Sin embargo, y aún estando en Harvard, el intelectual afro-americano W.E. B. Du Bois podía mirar hacia el sur y comprender que para quienes están histórica y emotivamente ligados a la historia de la esclavitud, la cuestión de ser o no occidentales no se plantea (Du Bois 1904). Y si se plantea, como en el libro reciente del caribeño-británico Paul Gilroy (Gilroy 1993), el problema aparece en una argumentación en la que el “Atlántico negro” emerge como la memoria olvidada y soterrada en el “Atlántico norte” de Huntington.
Por otra parte, la lectura del eminente intelectual y abogado indígena, de la comunidad Osage, Vine Deloria Jr. (Deloria 1972; 1993) muestra que ni las comunidades indígenas en Estados Unidos fueron totalmente eliminadas, como lo afirma Huntington, ni que en Estados Unidos no persiste la diferencia colonial que emergió con el imaginario del circuito comercial del Atlántico y que fue necesaria para la fundación histórica de la civilización occidental, de su fractura interna con la emergencia del hemisferio occidental.
Hay mucho más, en los argumentos de Deloria, que la simple diferencia entre el cristianismo protestante y católico que preocupa a Huntington.
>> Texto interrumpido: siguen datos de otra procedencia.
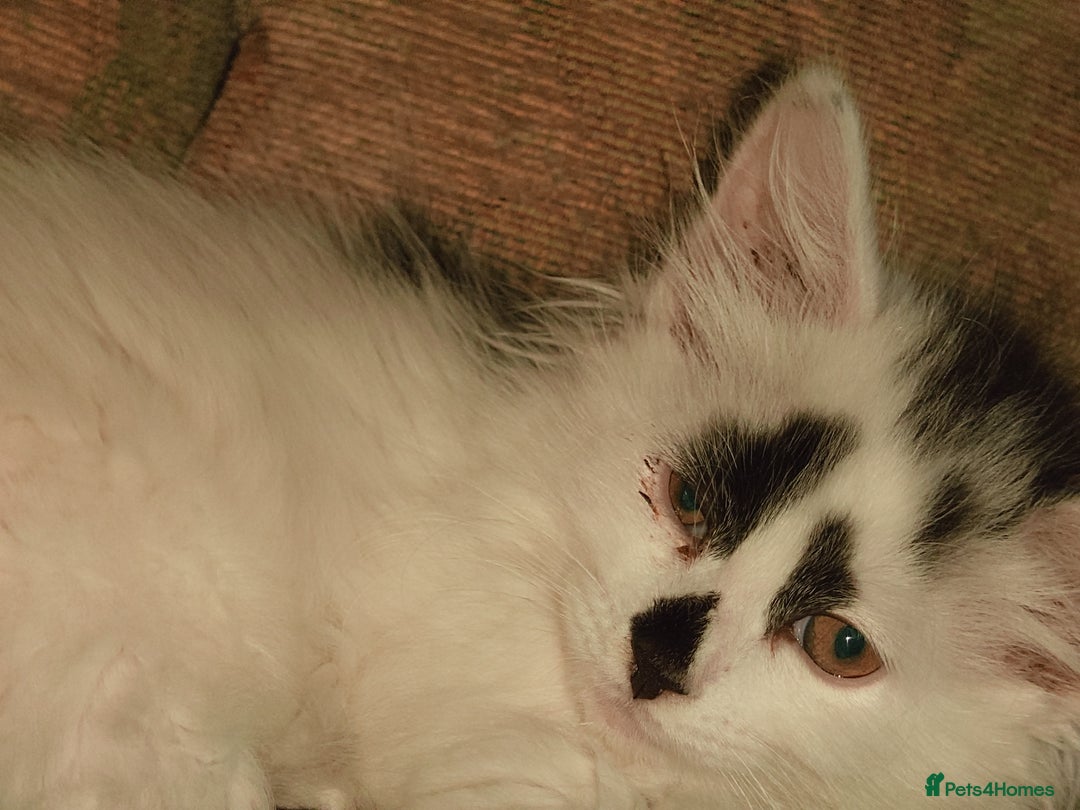 Domestic Shorthair cats for sale: Beautiful kittens ready for loving homes  - Image 13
Deloria recuerda, para quienes tienen mala memoria, la persistencia de formas de pensamiento que no sólo ofrecen religiones alternativas sino, más importante aún, alternativas al concepto de religión que es fundamental en la arquitectura del imaginario de la civilización occidental.
La transformación del “hemisferio occidental” en el “Atlántico Norte” asegura, por un lado, la pervivencia de la civilización occidental. Por otro, margina definitivamente a América Latina de la civilización occidental, y crea las condiciones para la emergencia de fuerzas que quedaron ocultas en el imaginario criollo (latino y anglo) de “hemisferio occidental”, esto es, la rearticulación de las fuerzas amerindias y afro-americanas alimentadas por las migraciones crecientes y por el tecnoglobalismo.
El surgimiento Zapatista, la fuerza del imaginario indígena, y la diseminación planetaria de sus discursos nos hacen pensar en futuros posibles más allá del hemisferio occidental y del Atlántico norte. Pero, al mismo tiempo, más allá de todo fundamentalismo civilizatorio, ideológico o religioso, cuyos perfiles actuales son el producto histórico de la “exterioridad interior” a la que fueron relegados (e.g. subalternizados) por la autodefinición de la civilización occidental y del hemisferio occidental, el problema de la “occidentalización” del planeta es que todo el planeta, sin excepción y en los últimos quinientos años, tuvo que responder de alguna manera a la expansión de Occidente.
Por lo tanto “más allá del hemisferio occidental y del Atlántico Norte” no quiere decir que exista algún “lugar ideal” existente que es necesario defender, sino que implica “más allá de la organización planetaria basada en la exterioridad interior implicada en el imaginario de la civilización occidental, del hemisferio occidental y del Atlántico Norte.